In a medium skillet over medium heat cook the garlic and onions in the olive oil until softened and translucent. Add the chicken and barbecue sauce, season to taste and heat through. Cover and set aside while you make the pastry.
For the pastry:
Place the milk and shortening in the freezer for about 20 minutes. The colder your ingredients the flakier your crust will be. You don’t want them to freeze, just to get really, really cold.
In a large bowl mix together your flour, baking powder and salt. Mix in your cold shortening with your fingers or a pastry cutter until the flour is crumbly. Stir in milk all at once.
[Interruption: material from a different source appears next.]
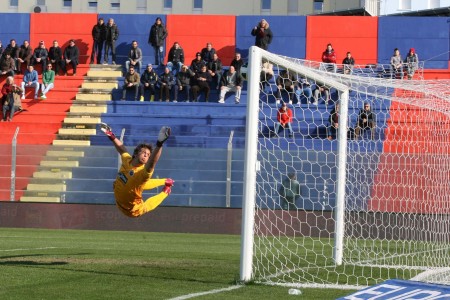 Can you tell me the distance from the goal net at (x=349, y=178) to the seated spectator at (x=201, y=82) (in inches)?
340

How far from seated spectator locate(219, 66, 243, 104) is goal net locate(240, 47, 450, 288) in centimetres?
774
Dust a clean flat surface and the dough with flour and knead 10-20 times so that the dough holds together. Roll the dough out to 1/3-1/2 inch thickness and cut into 12 circles using a 2 inch cutter.
To assemble:
Preheat oven to 350 degrees. Roll out a cut circle into a 5-6 inch circle. Place 1 to 2 tablespoons of the barbecue filling slightly of center and top with 1 tablespoon of cheese. Brush the outer edge of one side of the dough with your egg wash. Fold over dough, press to seal and crimp well with a fork. Place on ungreased baking sheets and cut small steam vents in the top of the pie. Brush the top with more egg wash. Repeat process until discs are gone.
Bake in the hot oven for 25-35 minutes or until crust is brown and filling is bubbly. Cool for five minutes before serving. Serve with ranch dressing or sour cream for dipping if desired.